According to the AP, Greenspan, 82, acknowledged under questioning that he had made a "mistake" in believing that banks, operating in their own self-interest, would do what was necessary to protect their shareholders and institutions. Greenspan called that "a flaw in the model ... that defines how the world works."
Greenspan's error was that he failed to read Intro to Borenstein's Law.
In June, 2005, I was trying to explain why our criminal clients act in ways that are often ascribed to stupidity. I pointed out that intelligence and education was an unreliable barrier to risky behavior.
As I explained, people (not just our clients) act contrary to their best interests so often that it can be called the norm, not an aberration.
In fact, supposedly smart people (like Bill Clinton and Dick Nixon) commit reckless acts that satisfy immediate urges without considering the consequences.The drive for sex, money, power and other elemental desires often overwhelms caution, reason, or religious teachings (uh, abusing priests ... q.e.d.).

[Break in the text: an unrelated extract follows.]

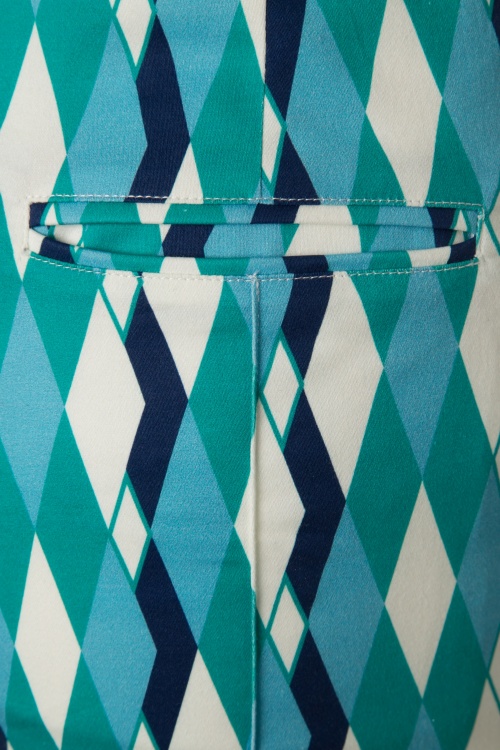 Collectif Clothing - Bonnie Atomic Harlequin Trousers Années 50 en Bleu et Jade 3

Greenspan's presumption that bankers would be restrained by their sense of financial responsibility because it was in their own self-interest to do so is naive, reflecting a misunderstanding of history and law.
Supposed conservatives recognize the wisdom of restraints on government and individuals imposed by the Constitution and criminal laws. Yet, they also urge limiting restraints on the so-called Free Market, assuming that the inherent structure of the marketplace will suffice.
Smart people like Alan Greenspan thus draw risky conclusions about human behavior --- not too different from the kinds of decisions our dumb criminal clients make, like assuming that their homies won't snitch them off when cornered by the cops.